Quando se pensava que a NASA iria fazer tudo por tudo para maximizar as hipóteses de recuperar as comunicações com o Opportunity, eis que surgem acusações de que o que se passa é uma manobra que visa por um fim à missão que se prolongou muito para além do tempo de vida previsto.

O rover Opportunity chegou a Marte em 2004, e as expectativas eram a de que funcionasse durante 3 meses. No entanto, 14 anos mais tarde, o rover continuava a rolar e a enviar informações para a Terra, tendo já percorrido cerca de 50km no solo marciano.

A NASA está empenhada em tentar recuperar as comunicações com o rover Opportunity em Marte, que tem estado silencioso desde a tempestade de poeira que englobou todo o planeta e impediu que os seus painéis solares recebessem a luz necessária para manter as baterias carregadas. Mas segundo alguns dos membros da equipa, o plano apresentado é ridículo e pode ser considerado uma autêntica sabotagem que visa terminar a missão e poupar os custos associados.
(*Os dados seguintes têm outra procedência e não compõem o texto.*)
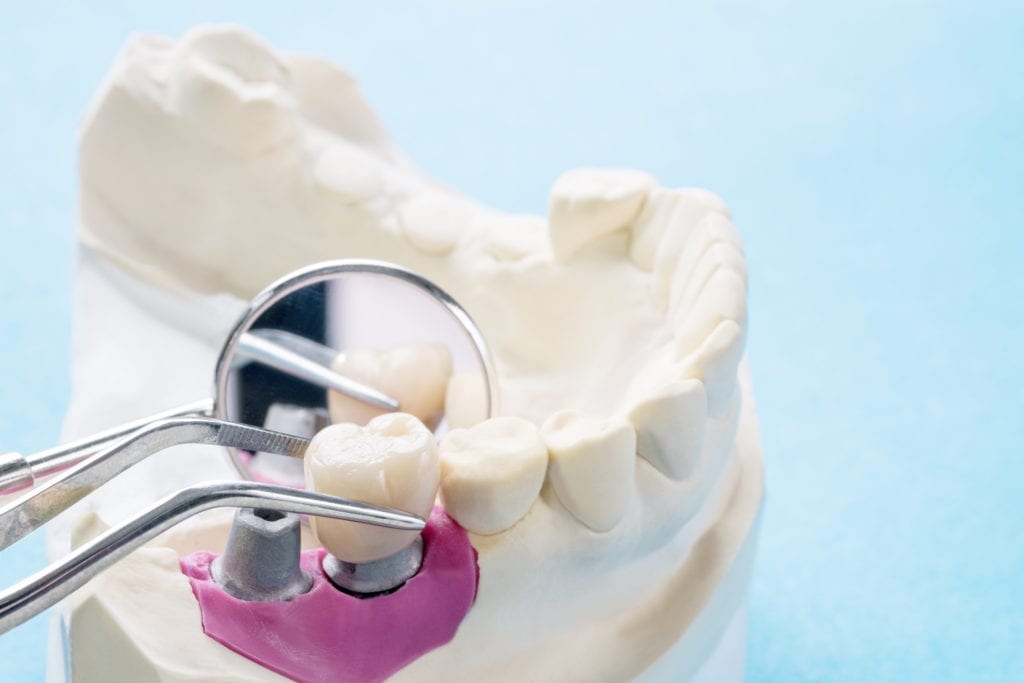 Dentures and Implants in Truckee, California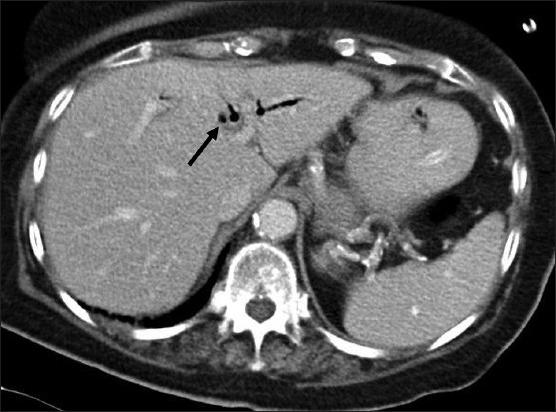 https://cdn.ncbi.nlm.nih.gov/pmc/blobs/296a/3889000/4e3533bccb15/JSTCR-5-27-g003.jpg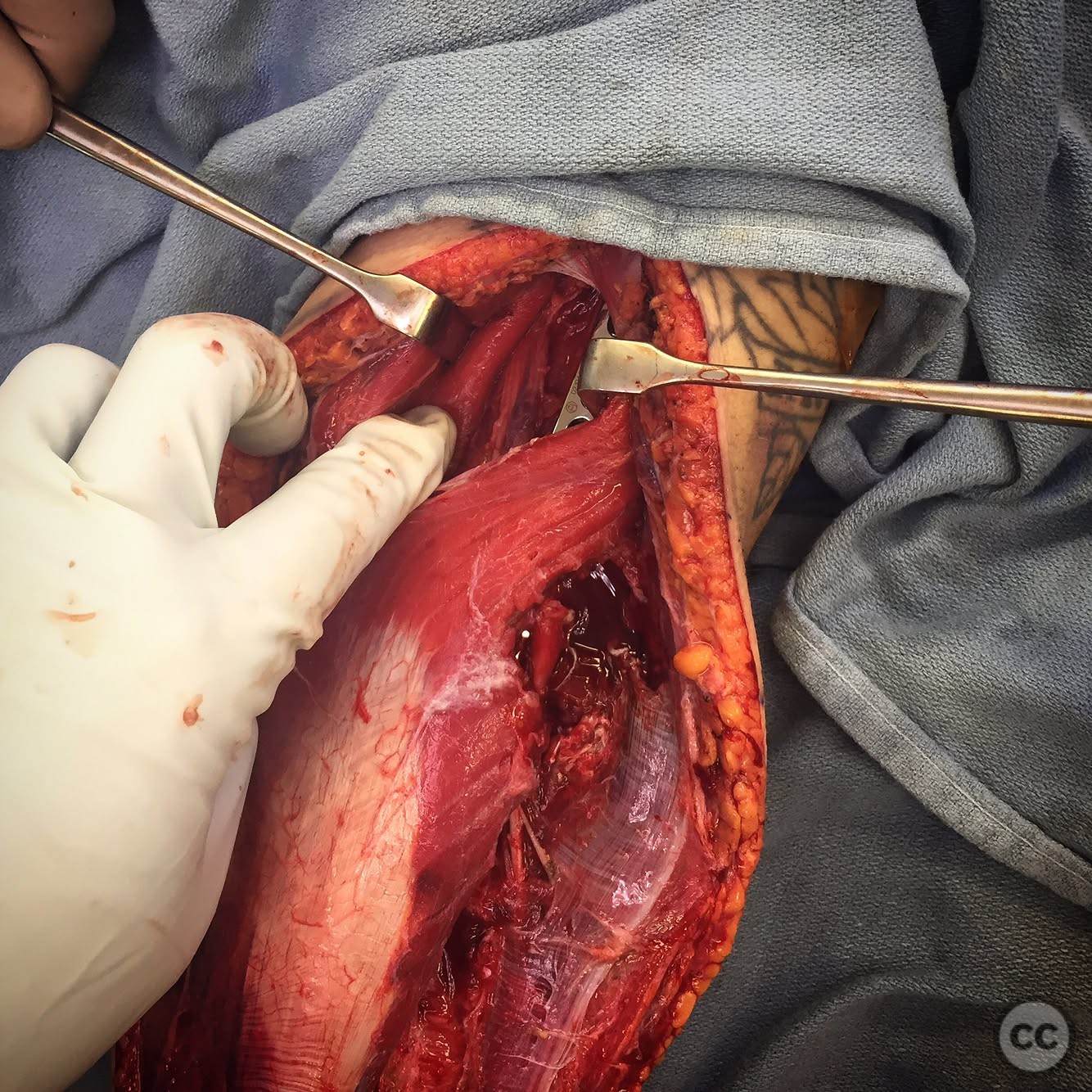 case image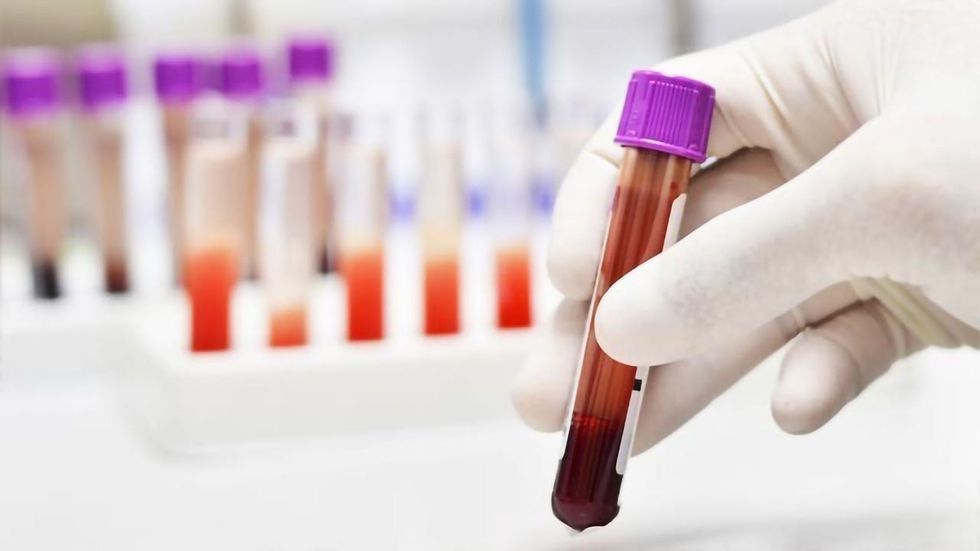 new blood test can detect cancer four years before conventional diagnosis methods 337706 1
Os planos apresentados – que não foram dados a conhecer à equipa do Opportunity – indicam que serão tentadas comunicações durante 45 dias após o nível de poeira na atmosfera reduzir para valores considerados aceitáveis; e que se não houver resposta o Opportunity será dado como perdido; mantendo-se apenas uma observação passiva durante mais alguns meses, para ver se ele dá sinal de vida. Isto, com a esperança de que um “remoinho de vento” possa limpar os seus painéis solares, como já aconteceu no passado, tanto com o Opportunity como com o Spirit, que viram o seu nível de carga subir misteriosamente.

 

O problema é que a época destes “remoinhos” começa apenas em Novembro, coincidindo precisamente com o momento em que a NASA planeia terminar as tentativas de comunicação. E se assim for, na eventualidade de um destes fenómenos atmosféricos lhe limpar os painéis e permitir a sua reactivação, o Opportunity poderá entrar num estado em que fica à espera de um comando de activação que não está a ser enviado!
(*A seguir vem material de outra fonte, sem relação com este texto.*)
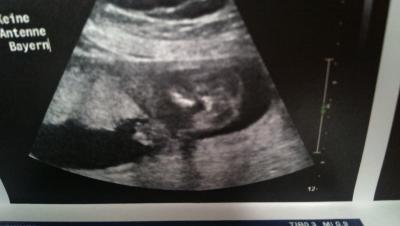 Bild zu Noch 2 Bildchen :) - Forum für April - Mamis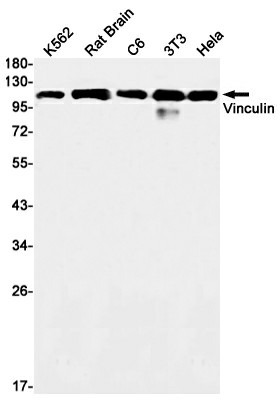 Recombinant Vinculin Monoclonal Antibody (E-AB-81494)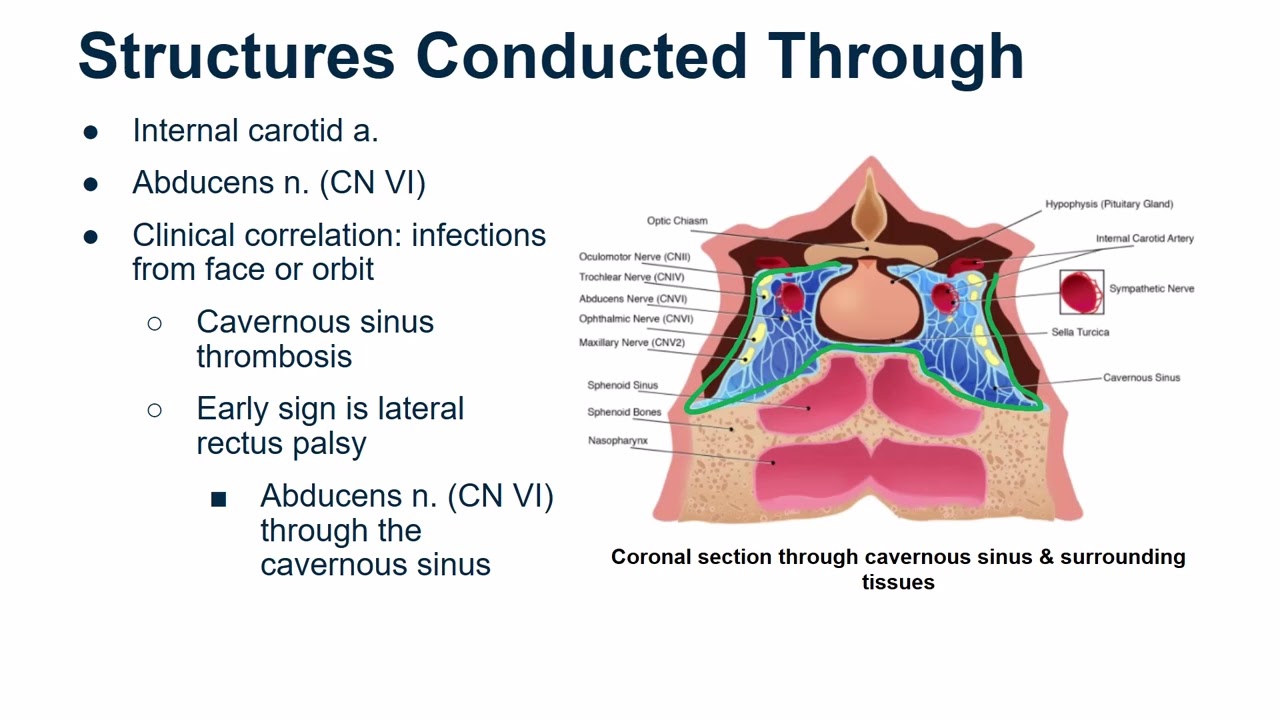 Cavernous Sinus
Segundo os membros da missão, o que faria sentido seria tentar as comunicações activas até final de Janeiro de 2019, o fim da estação dos remoinhos de vento, e então aí entrar em modo de escuta passiva até ao final do ano. Sugestão que até ao momento tem sido recusada… dando origem às acusações de que o verdadeiro objectivo desta “tentativa de salvamento” é precisamente garantir que se põe um ponto final na missão.